## TASK PROMPT
Could you restate the data word for word and drop the pictures?

## DATA SEGMENT
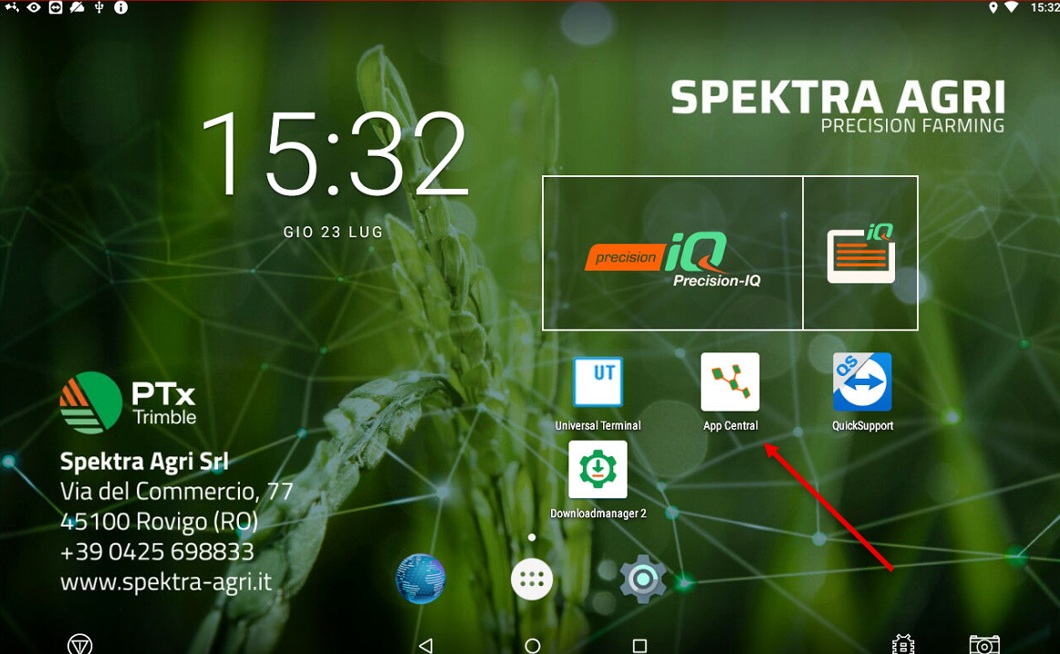 Precision-IQ Step 1 - Home display ed App Central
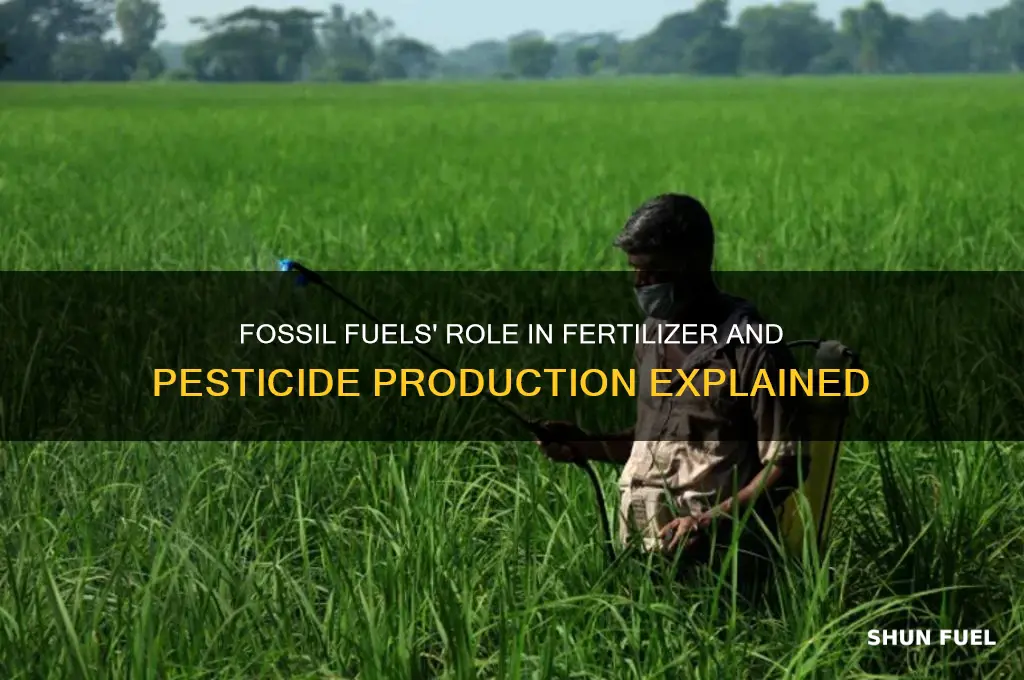 how fossil fuels are used to produce fertilizers and pesticides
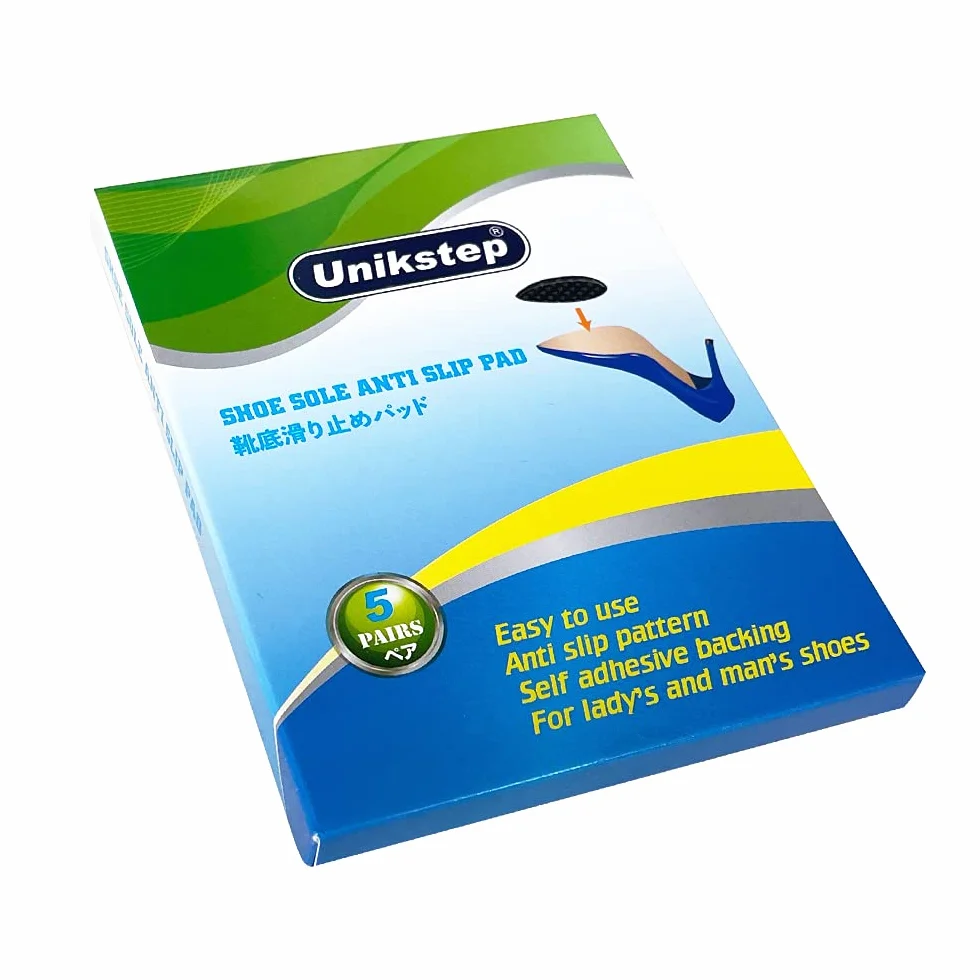UNIKSTEP 5 par impugnature antiscivolo per suole scarpe, cuscinetti gomma autoadesivi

## RESPONSE BELOW
 Precision-IQ Step 1 - Home display ed App Central
 how fossil fuels are used to produce fertilizers and pesticides
UNIKSTEP 5 par impugnature antiscivolo per suole scarpe, cuscinetti gomma autoadesivi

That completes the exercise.